■ **The task**:
Once the pictures are removed, output the remaining entries exactly as given.
# # #
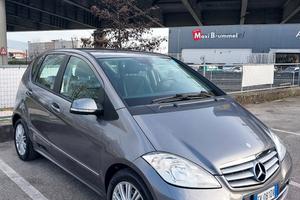 MERCEDES A 180 CDI ELEGANCE 10/2011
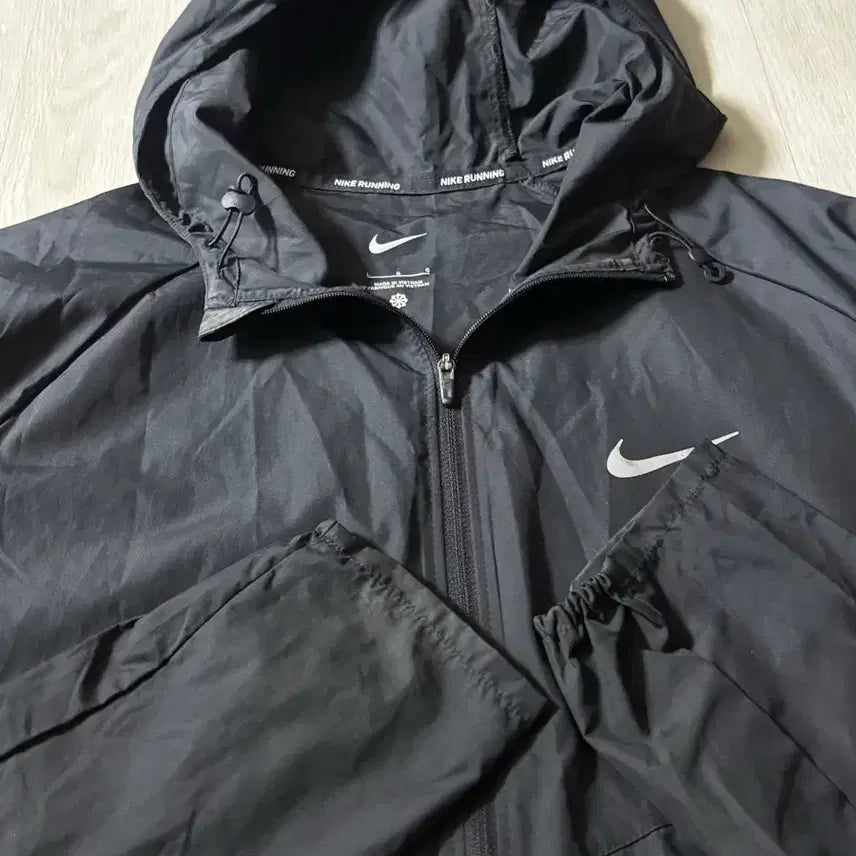[SOLD OUT] 나이키 러닝 바람막이 L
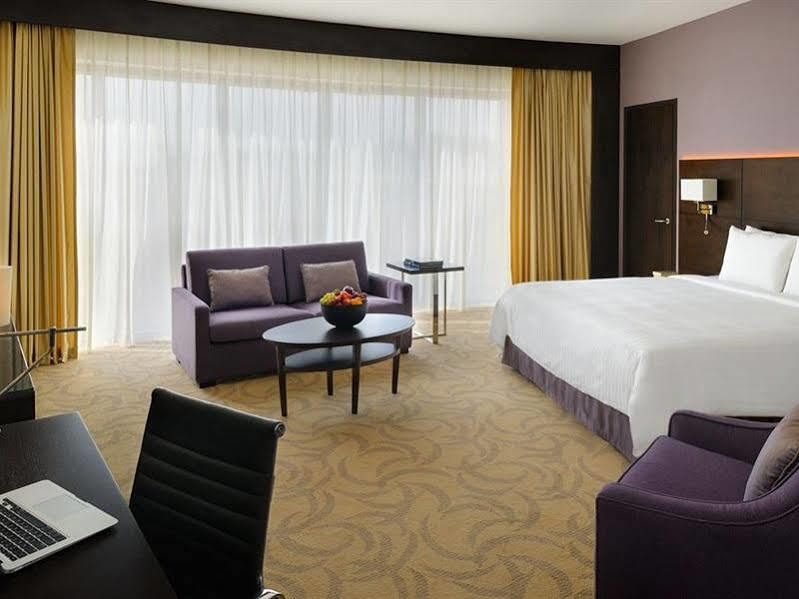 Courtyard By Marriott Riyadh Diplomatic Quarter Esterno foto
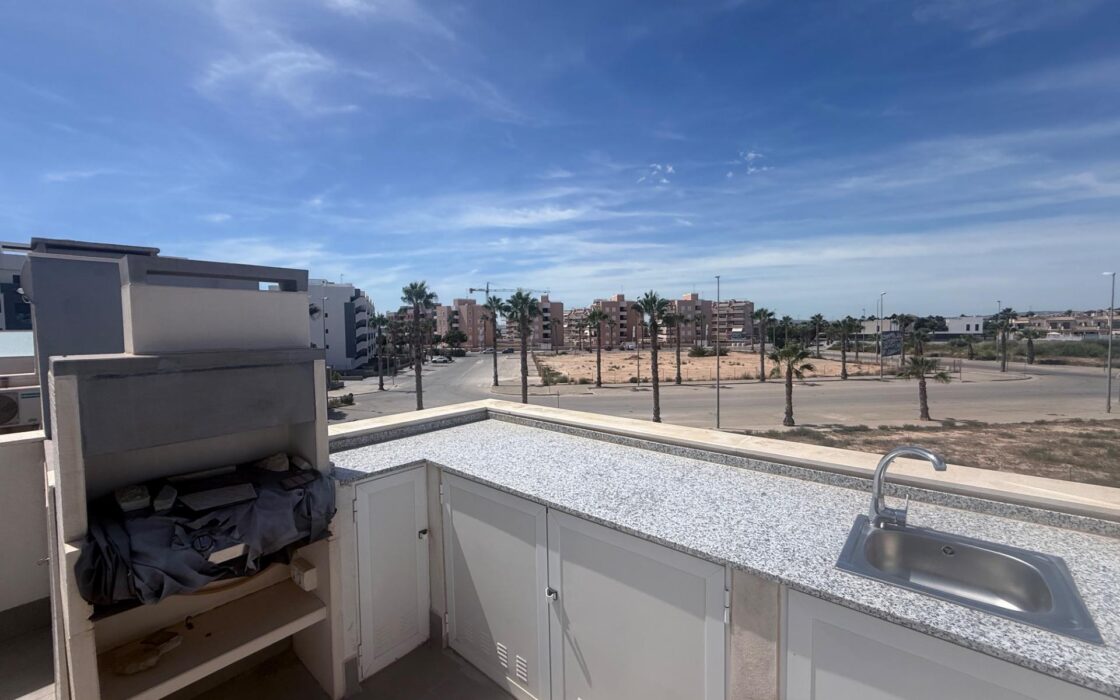 Бунгало в Гуардамаре 160 кв.м с террасой у моря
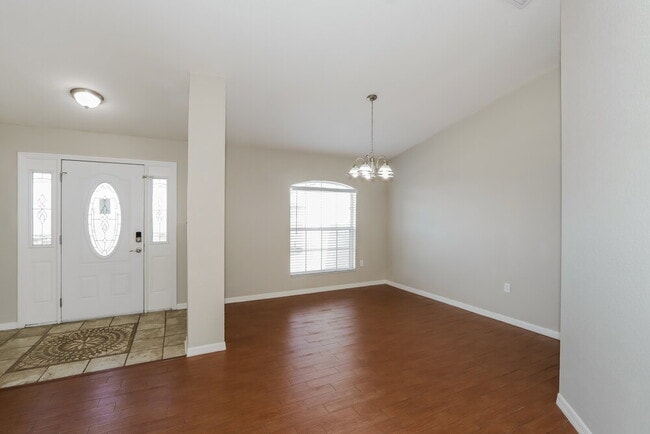 Photo - 8834 Pebblebrooke Dr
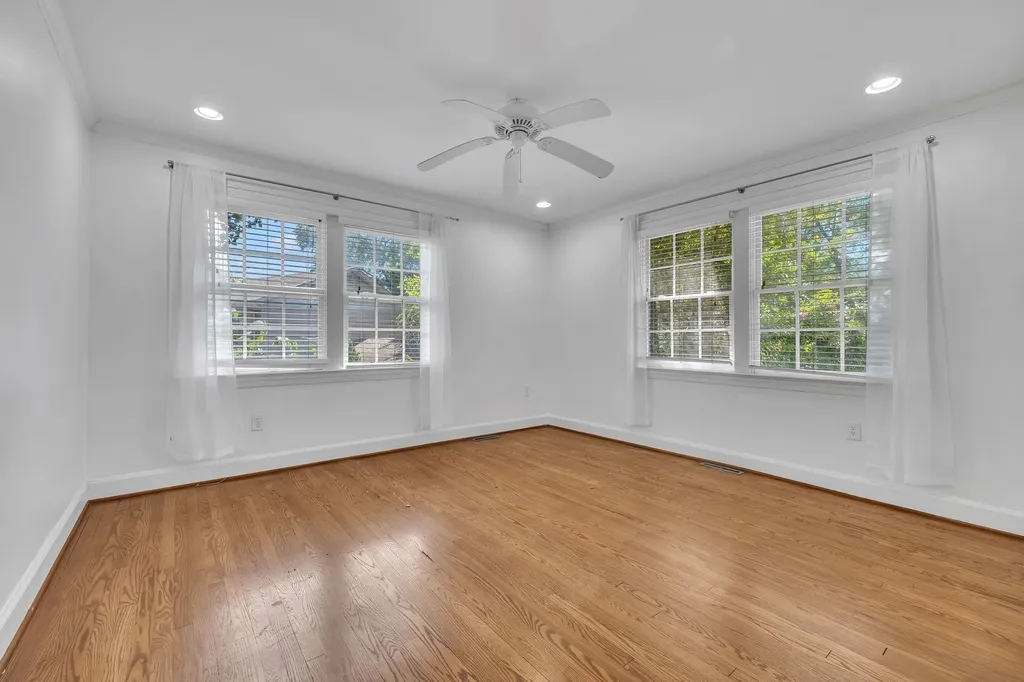 520 32nd Ave, S Nashville TN 37212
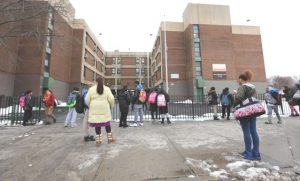 Cientos estudiantes dominicanos afectados por cierre escuelas NY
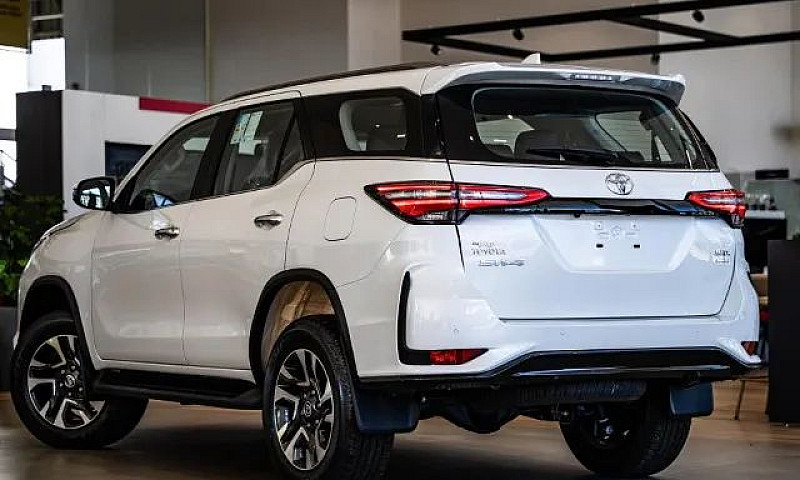Toyota Hilux Sw4 Srx...
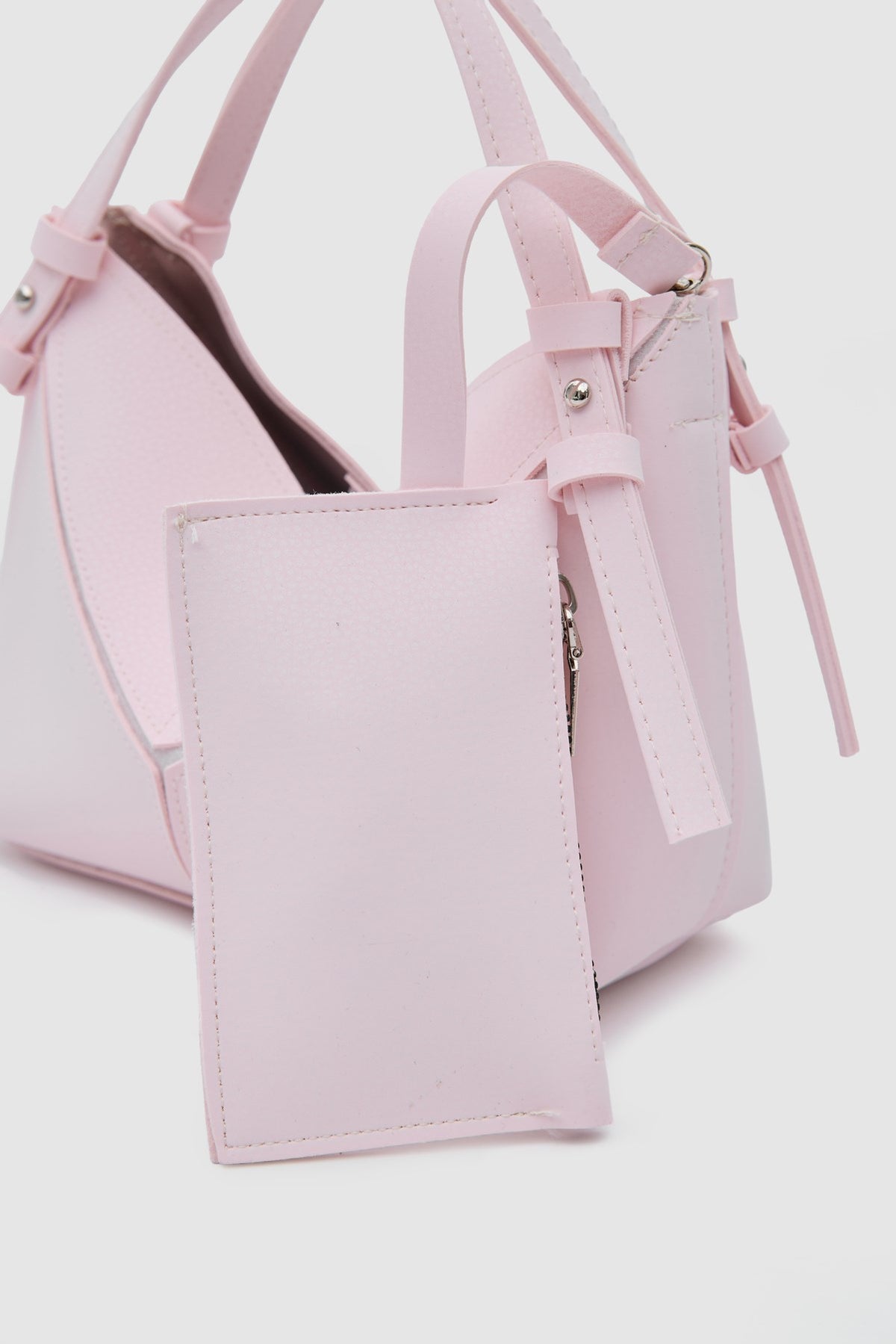 Simak Asymmetric Charm Crossbody Bag in sakura pink, view 5 – Nouva
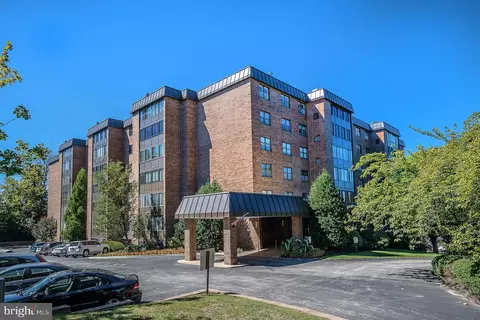 930 Montgomery Ave #103, Bryn Mawr, PA 19010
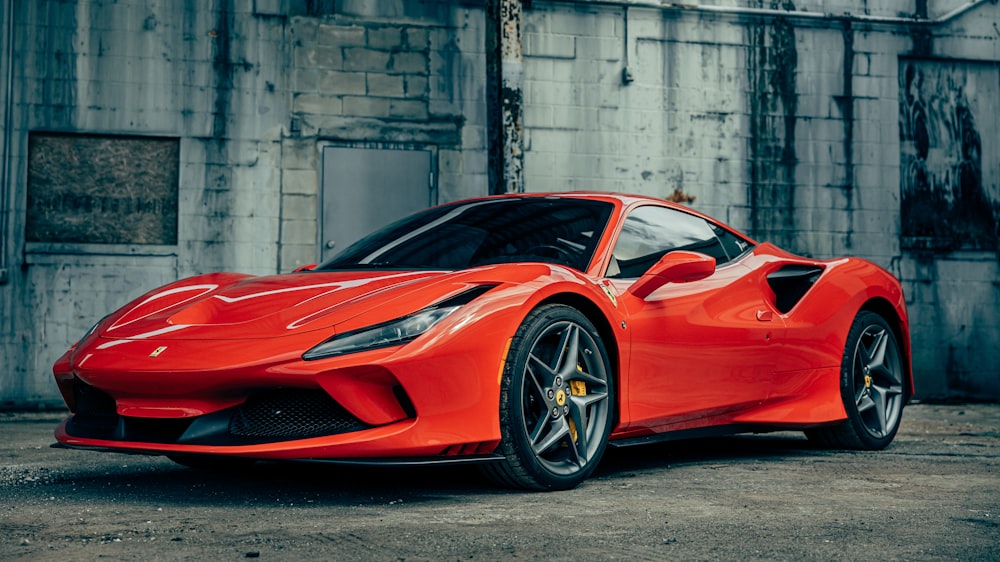 ferrari vermelho 458 italia estacionado perto de edifício cinza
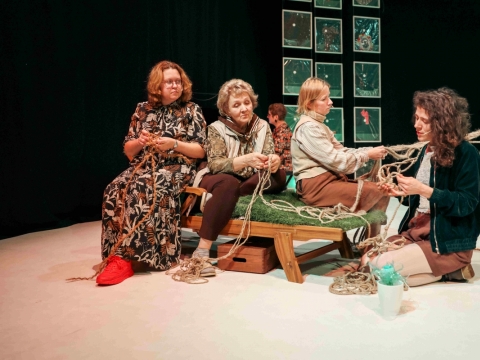 Scena iš spektaklio „Monstera Deliciosa“. S. Joce nuotr.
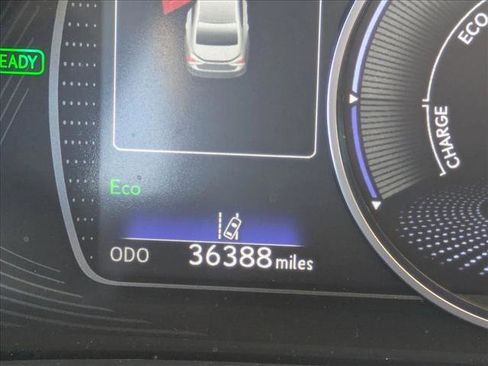 Used 2022 Lexus ES 300h Ultra Luxury image 7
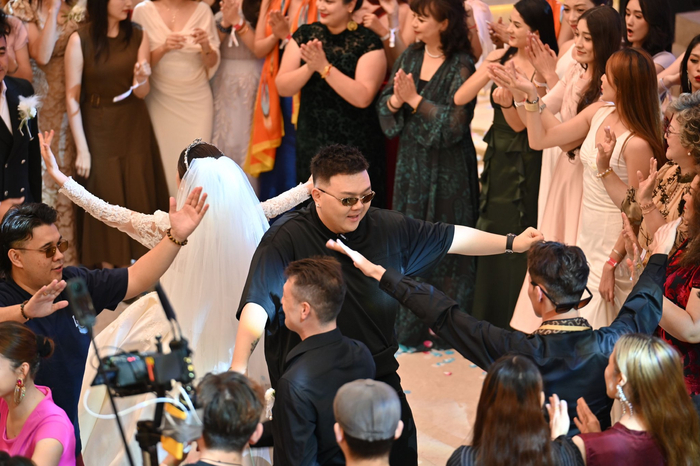 7月10日，艾福杰尼在“最炫民族婚”现场跳舞。  主办方供图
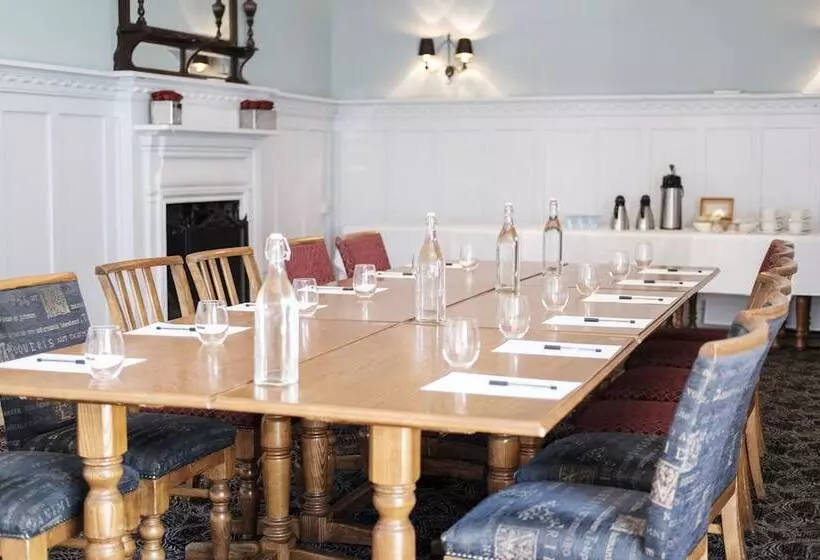 בית מלון כפרי The Fox & Goose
# # #
■ **Finished exercise**:
 MERCEDES A 180 CDI ELEGANCE 10/2011
[SOLD OUT] 나이키 러닝 바람막이 L
 Courtyard By Marriott Riyadh Diplomatic Quarter Esterno foto
 Бунгало в Гуардамаре 160 кв.м с террасой у моря
 Photo - 8834 Pebblebrooke Dr
 520 32nd Ave, S Nashville TN 37212
 Cientos estudiantes dominicanos afectados por cierre escuelas NY
Toyota Hilux Sw4 Srx...
 Simak Asymmetric Charm Crossbody Bag in sakura pink, view 5 – Nouva
 930 Montgomery Ave #103, Bryn Mawr, PA 19010
 ferrari vermelho 458 italia estacionado perto de edifício cinza
 Scena iš spektaklio „Monstera Deliciosa“. S. Joce nuotr.
 Used 2022 Lexus ES 300h Ultra Luxury image 7
 7月10日，艾福杰尼在“最炫民族婚”现场跳舞。  主办方供图
 בית מלון כפרי The Fox & Goose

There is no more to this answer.